Author Bobbie Ann Mason’s book about World War II would seem passé, but unexpectedly this novel based on true events is timely and provocative. Commercial pilot Marshall Stone returns to France after his retirement in search of the people who rescued him from the Nazis when his B-17 fighter bomber crashed. After the war he didn’t think much about the incident, rather he returned to marry his sweetheart and have children.

This is a haunting story, about those in the French Resistance captured and tortured for helping American aviators, based on Mason’s extensive research and interviews with surviving members of the French underground. Also the author is well acquainted with this drama since her motivation for writing it comes from her father-in-law Barney Rawlings’ own experience he documented in a 1994 memoir, Off We Went. Rawlings, like the character in the novel, is aided by a teenager who helped him escape from France into Spain. Mason successfully locates the teenager, Michéle Moët-Agniel, and from her learns the horrors of her German imprisonment.
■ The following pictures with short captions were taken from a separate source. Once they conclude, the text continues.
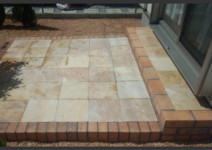 *レンガ>>ショコラブリック(SBIC)*自然石>>アナトリア(SBIC) 庭工事施工例 神奈川県 人工芝施工例 人工木デッキ施工例 テラスタイル施工例1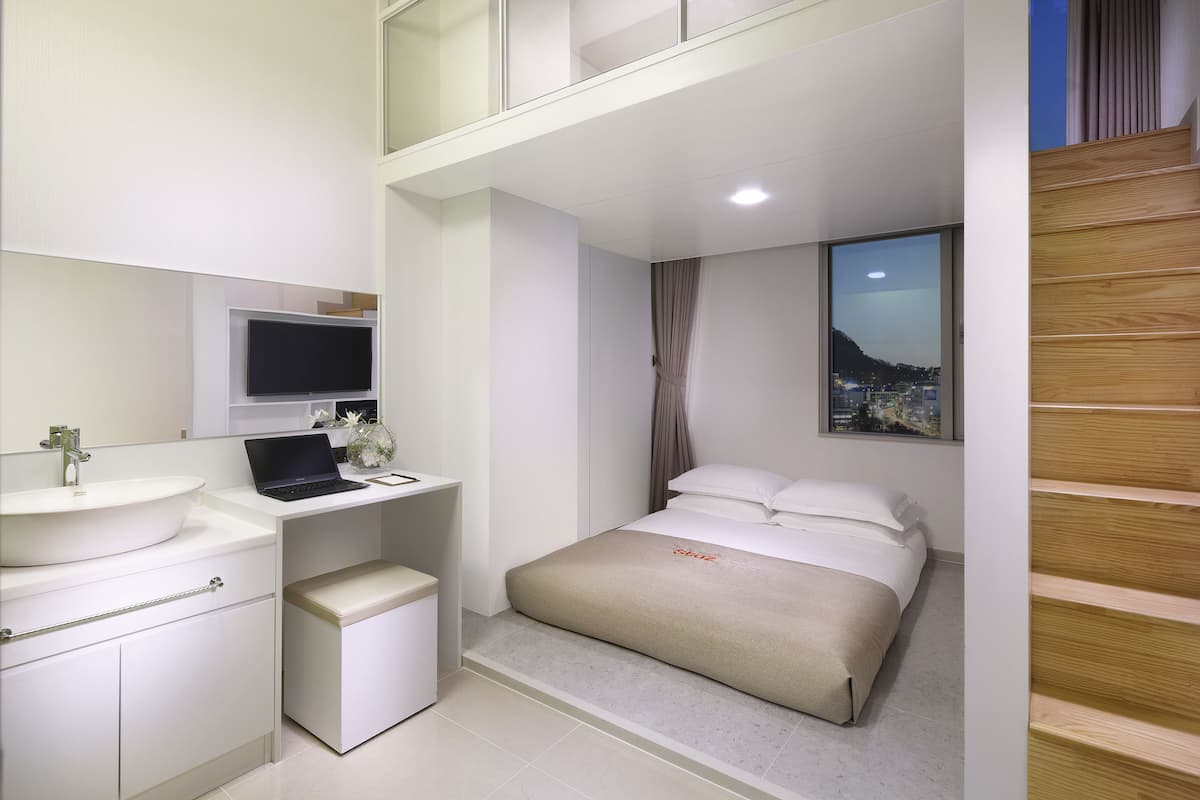 Ropa de cama de alta calidad, cubrecamas y colchones con pillow-top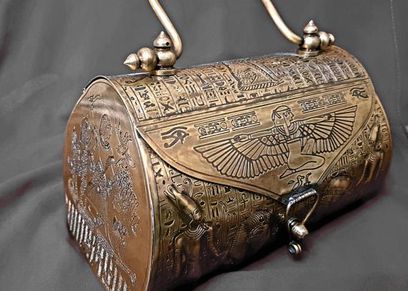 حقائب نحاسية مستوحاة من التراث الفرعوني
In the novel Stone is overwhelmed to learn the people who rescued him still held on to his flight jacket expecting someday he would return. He discovers the sadness felt by members of the Resistance who risked their lives to help aviators who were never acknowledged after the war.

Stone moves to Paris and when he locates the girl in the blue beret, Annette, he learns the price she paid to rescue him and others. Many French women captured were murdered, and those who survived were tortured. “Think, Marshall. Their barbarity called forth our own savagery. There is atrocity everywhere. The blame is not just on Germany. It’s on all us,” Annette tells Stone.

This dramatic novel is timeless even if much has been written about WWII. Mason’s story is a reminder of human sacrifices, the importance of remembering the past, and second chances.